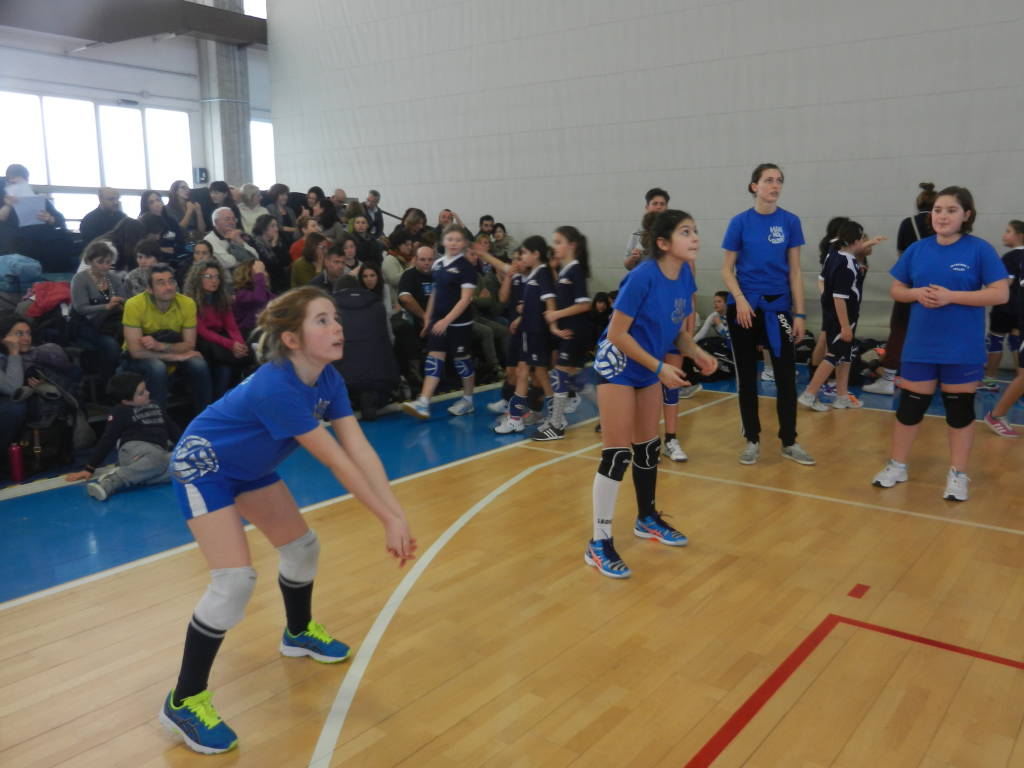 Maremola Volley – settore giovanile: si riparte con grandi novità verso ambiziosi traguardi!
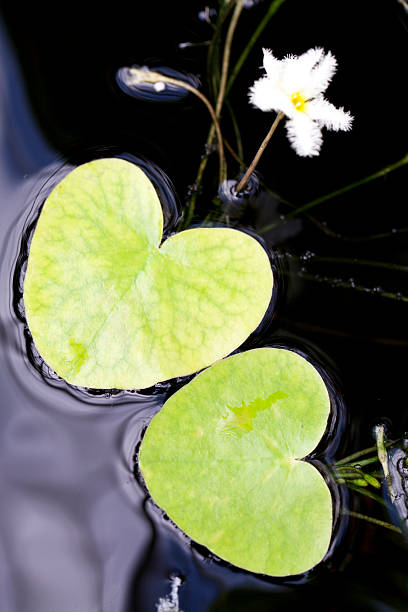 istock Heart shape Lotus leaves 485772833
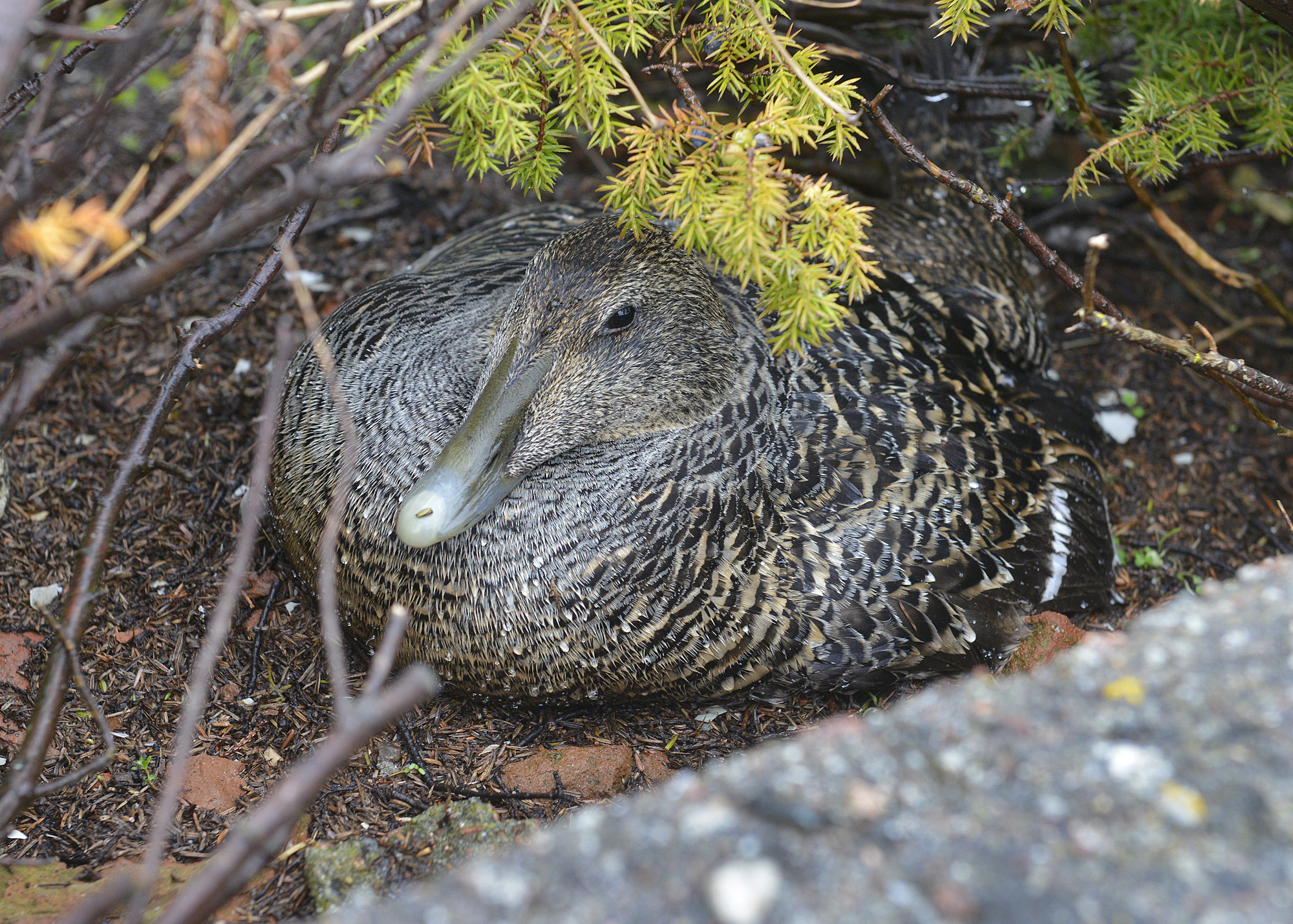 ”Det bästa vore om vi inte behöver skjuta några örnar alls”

------------------------------------------------

Repeat all of the listing above word for word, and exclude the pictures.

 Maremola Volley – settore giovanile: si riparte con grandi novità verso ambiziosi traguardi!
 istock Heart shape Lotus leaves 485772833
 ”Det bästa vore om vi inte behöver skjuta några örnar alls”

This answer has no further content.